The Reserve Bank of India revised the real GDP growth projection for 2020-21 from -9.5% to -7.5%, Governor Shaktikanta Das said in an online briefing at the end of the meeting of the Monetary Policy Committee. The central bank had estimated that GDP would shrink 9.5 percent in its October assessment. The RBI governor also expressed confidence that the economy will witness positive GDP growth in the second half of fiscal year 21. The revised projection comes in the context of the RBI’s decision to maintain an “accommodative” policy stance. in its fifth bimonthly monetary policy for fiscal year 21.
The Monetary Policy Committee of the Reserve Bank of India kept the key interest rate unchanged at 4 percent, keeping rates at existing levels for the third consecutive review. Since May, the buyback rate, or the key interest rate at which the RBI lends money to commercial banks, has been stable at a 19-year low of 4%. The reverse repurchase rate, the rate at which the RBI borrows from banks, will remain at 3.35%.

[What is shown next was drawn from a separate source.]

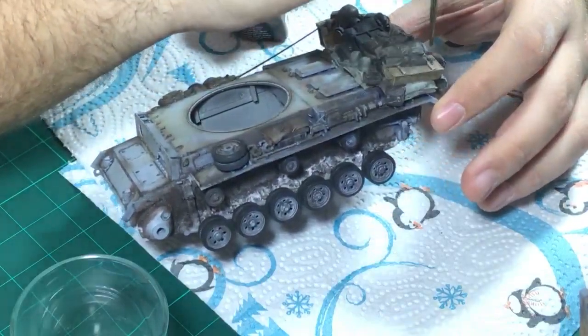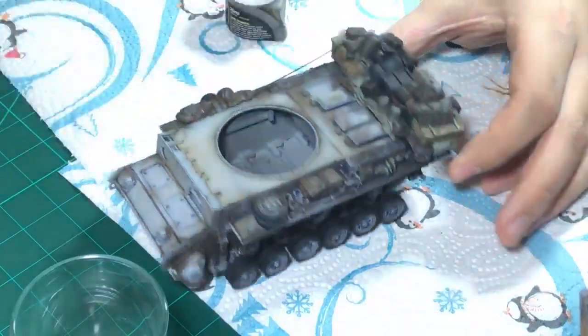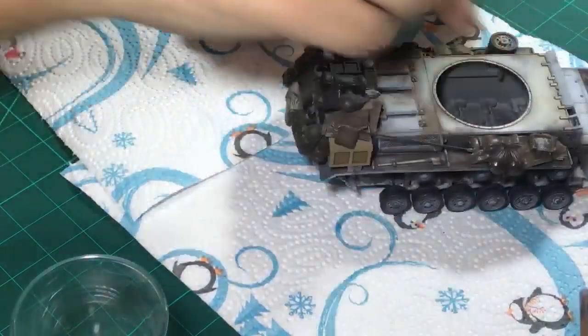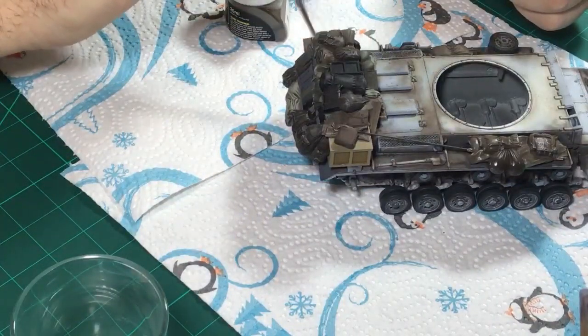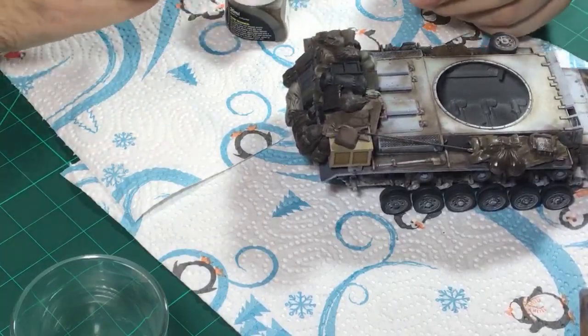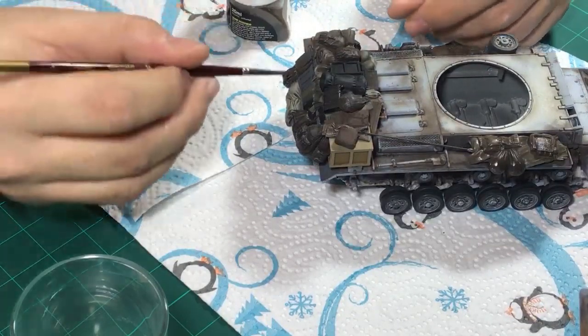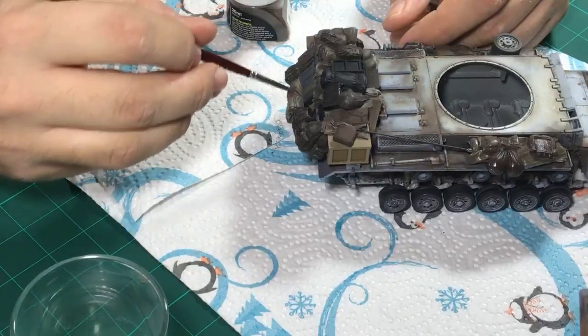The jerry cans at the back would catch dirt, and we'll be adding some three-dimensional dirt to the lower half of the stowage as well. Right here this will collect a lot more because it's so exposed.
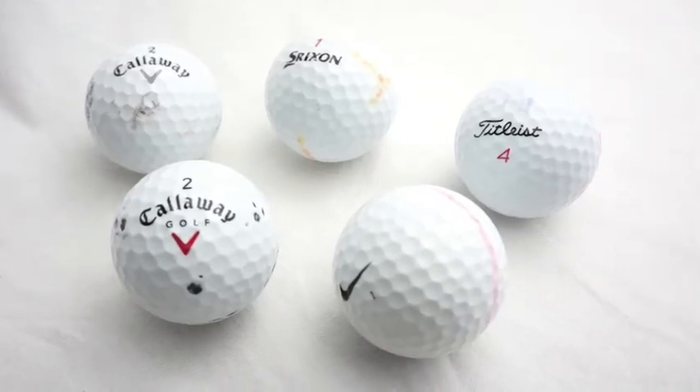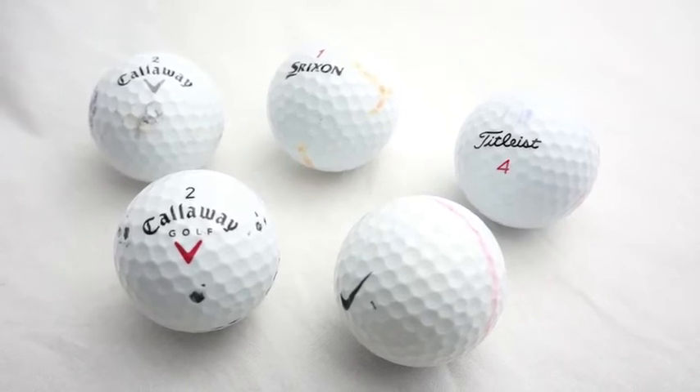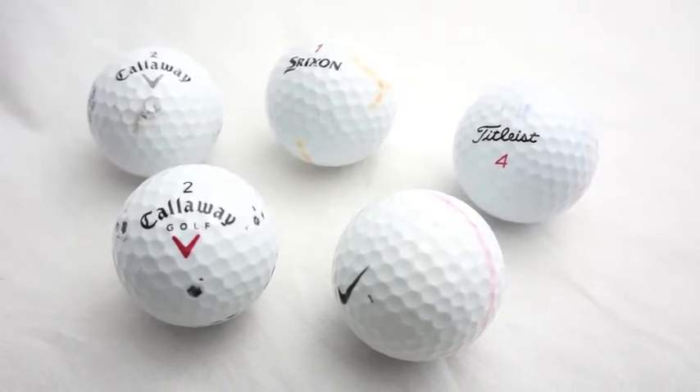At Green Golf Online we sell thousands of pearl grade balls. I wanted to share this video with you to show you the quality of our A grade balls.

Most economists expected the monetary policy status quo, amid high levels of inflation and a contraction in gross domestic product (GDP).
Retail inflation in the country rose to its highest level in October in more than six years due to higher food prices. According to data from the Consumer Price Index (CPI) published by the Ministry of Statistics and Program Implementation, inflation stood at 7.61% in October, the highest level since May 2014.
.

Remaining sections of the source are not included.